The Official Solicitor, Peter Harris, confirmed that he had entered into a contract with the Portman Entertainment Group which gives it non-documentary film, television, video and ancillary rights to archive material from the West estate.

West's elder brother Doug said yesterday that the plan was "sick" and would do nothing to help the relatives of the Cromwell Street victims to recover from the tragedy. Politicians urged the Attorney General, Sir Nicholas Lyell, to intervene to stop the sale.

Much of the material given to Portman Entertainment, one of the oldest independent television production companies in Britain, was derived from the police inquiry which led to West being charged with 12 murders.

He hanged himself on New Year's Day two years ago before the trial could take place but his wife Rosemary was later convicted on 10 murder counts and sentenced to life imprisonment.

The material includes many hours of tape recordings with the police, copies of West's favourite pornographic films and pages of his memoirs written during his time in Winson Green prison before his death.

The Official Solicitor was appointed by the courts to look after the interests of the West children and has the responsibility of maximising the financial return on the estate. No details have been given about financial aspects of the film deal but it is believed to be in four figures, with extra payable if a film goes into production.

Portman Entertainment's past successes include acquiring the British rights to the Australian soap Home and Away, and in 1993 it bought Zenith Productions, makers of Inspector Morse.

The contract also includes an option agreement to An Evil Love, a biography of Frederick West by the former Fleet Street journalist Geoffrey Wansell.

The Bishop of Gloucester, the Right Rev David Bentley, said yesterday he "deplored" the news that a film could be made and Douglas French, Conservative MP for Gloucester, said: "This is another sordid example of commercial exploitation of tragic events which the residents of Gloucester would prefer to forget."

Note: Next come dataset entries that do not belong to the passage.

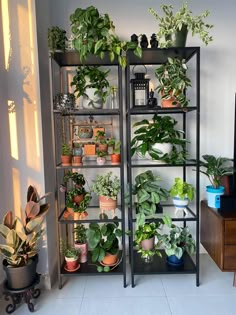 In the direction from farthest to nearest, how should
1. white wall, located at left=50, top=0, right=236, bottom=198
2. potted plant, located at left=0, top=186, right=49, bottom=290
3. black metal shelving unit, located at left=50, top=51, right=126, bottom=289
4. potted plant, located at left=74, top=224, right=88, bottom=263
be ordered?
white wall, located at left=50, top=0, right=236, bottom=198 < potted plant, located at left=74, top=224, right=88, bottom=263 < black metal shelving unit, located at left=50, top=51, right=126, bottom=289 < potted plant, located at left=0, top=186, right=49, bottom=290

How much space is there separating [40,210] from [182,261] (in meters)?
1.31

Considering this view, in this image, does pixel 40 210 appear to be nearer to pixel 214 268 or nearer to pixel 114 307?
pixel 114 307

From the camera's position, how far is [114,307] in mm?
1713

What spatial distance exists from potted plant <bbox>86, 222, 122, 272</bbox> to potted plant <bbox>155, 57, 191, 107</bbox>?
1186 millimetres

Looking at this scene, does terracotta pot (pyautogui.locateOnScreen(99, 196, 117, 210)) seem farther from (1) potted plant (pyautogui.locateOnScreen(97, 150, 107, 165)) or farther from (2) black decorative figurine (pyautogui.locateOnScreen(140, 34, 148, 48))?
(2) black decorative figurine (pyautogui.locateOnScreen(140, 34, 148, 48))

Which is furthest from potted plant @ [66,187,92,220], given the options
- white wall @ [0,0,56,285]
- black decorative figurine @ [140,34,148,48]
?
black decorative figurine @ [140,34,148,48]

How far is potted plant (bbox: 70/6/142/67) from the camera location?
1.71 m

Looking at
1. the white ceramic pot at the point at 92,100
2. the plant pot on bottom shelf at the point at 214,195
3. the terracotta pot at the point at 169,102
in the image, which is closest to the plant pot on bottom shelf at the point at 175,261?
Result: the plant pot on bottom shelf at the point at 214,195

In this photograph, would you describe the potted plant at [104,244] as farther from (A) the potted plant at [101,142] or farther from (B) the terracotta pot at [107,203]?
(A) the potted plant at [101,142]

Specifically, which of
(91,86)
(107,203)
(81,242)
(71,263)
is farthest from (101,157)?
(71,263)

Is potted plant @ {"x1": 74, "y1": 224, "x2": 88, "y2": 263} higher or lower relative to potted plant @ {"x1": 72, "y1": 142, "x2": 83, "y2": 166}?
lower

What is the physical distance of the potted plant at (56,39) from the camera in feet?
5.90

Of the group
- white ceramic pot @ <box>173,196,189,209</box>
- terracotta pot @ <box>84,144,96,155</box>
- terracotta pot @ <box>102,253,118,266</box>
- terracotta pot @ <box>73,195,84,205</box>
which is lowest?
terracotta pot @ <box>102,253,118,266</box>

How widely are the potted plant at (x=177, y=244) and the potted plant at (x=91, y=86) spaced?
125cm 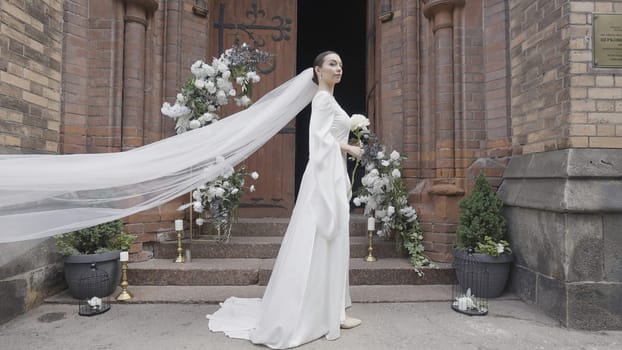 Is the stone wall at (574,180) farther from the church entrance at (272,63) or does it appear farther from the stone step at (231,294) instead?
the church entrance at (272,63)

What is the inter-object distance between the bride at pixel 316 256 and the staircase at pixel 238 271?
98 centimetres

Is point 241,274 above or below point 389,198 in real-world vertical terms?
below

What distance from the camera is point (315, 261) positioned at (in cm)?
289

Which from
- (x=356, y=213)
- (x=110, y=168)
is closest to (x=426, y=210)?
(x=356, y=213)

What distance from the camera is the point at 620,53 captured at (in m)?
3.36

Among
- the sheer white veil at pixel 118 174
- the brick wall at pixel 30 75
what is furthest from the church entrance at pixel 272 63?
the sheer white veil at pixel 118 174

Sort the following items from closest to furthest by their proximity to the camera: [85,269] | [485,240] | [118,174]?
[118,174]
[85,269]
[485,240]

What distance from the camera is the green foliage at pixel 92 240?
3.73 m

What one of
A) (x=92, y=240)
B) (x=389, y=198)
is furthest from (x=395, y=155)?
(x=92, y=240)

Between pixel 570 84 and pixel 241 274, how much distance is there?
3454mm

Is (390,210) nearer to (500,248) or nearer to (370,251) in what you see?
(370,251)

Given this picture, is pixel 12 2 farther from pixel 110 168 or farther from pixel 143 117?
pixel 110 168

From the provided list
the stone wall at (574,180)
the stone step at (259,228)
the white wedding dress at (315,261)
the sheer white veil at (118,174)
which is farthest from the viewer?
the stone step at (259,228)

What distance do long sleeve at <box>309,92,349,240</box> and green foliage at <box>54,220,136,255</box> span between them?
2147 millimetres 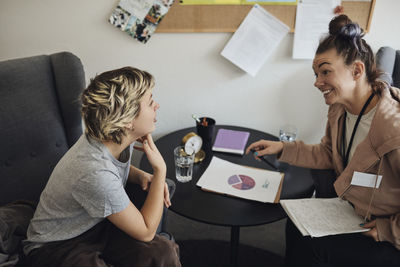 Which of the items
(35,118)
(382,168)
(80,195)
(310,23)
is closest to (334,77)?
(382,168)

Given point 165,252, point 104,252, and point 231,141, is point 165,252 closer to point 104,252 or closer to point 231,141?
point 104,252

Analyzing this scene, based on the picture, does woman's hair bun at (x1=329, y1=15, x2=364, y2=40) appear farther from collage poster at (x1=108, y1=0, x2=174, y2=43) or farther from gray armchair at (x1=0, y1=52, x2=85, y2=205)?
gray armchair at (x1=0, y1=52, x2=85, y2=205)

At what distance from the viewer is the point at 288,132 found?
1843mm

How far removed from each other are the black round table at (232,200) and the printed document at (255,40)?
51 centimetres

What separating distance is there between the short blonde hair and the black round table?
1.15ft

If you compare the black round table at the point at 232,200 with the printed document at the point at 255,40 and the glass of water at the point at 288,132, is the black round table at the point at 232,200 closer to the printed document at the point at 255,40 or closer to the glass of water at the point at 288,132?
the glass of water at the point at 288,132

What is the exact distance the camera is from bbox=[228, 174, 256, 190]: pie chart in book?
A: 124cm

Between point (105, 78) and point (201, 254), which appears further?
point (201, 254)

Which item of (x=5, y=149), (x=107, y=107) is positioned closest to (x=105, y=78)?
(x=107, y=107)

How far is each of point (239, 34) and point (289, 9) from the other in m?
0.27

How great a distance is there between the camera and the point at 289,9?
1.57 meters

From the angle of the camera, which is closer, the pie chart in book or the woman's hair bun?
the woman's hair bun

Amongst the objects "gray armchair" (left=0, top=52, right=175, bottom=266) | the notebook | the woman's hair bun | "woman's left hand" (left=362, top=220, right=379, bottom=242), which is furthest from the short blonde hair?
"woman's left hand" (left=362, top=220, right=379, bottom=242)

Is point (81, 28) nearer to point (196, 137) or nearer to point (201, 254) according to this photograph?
point (196, 137)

Alex Carlile, Liberal Democrat spokesman on justice and legal affairs, urged Sir Nicholas to step in to stop the sale of the film rights.

"It is deeply shocking that the Official Solicitor, who is a government official, is entering, in his public role, into a contract for the sale of material which is derived from one of the greatest public mischiefs of modern times," he said.

Doug West said: "The relatives of the victims have had enough, I have had enough. I was hoping to have a good New Year and put all this behind me. Now it will all come up again. It's a bit sick as far as I am concerned. Let's hope the idea drops off and the film never comes out."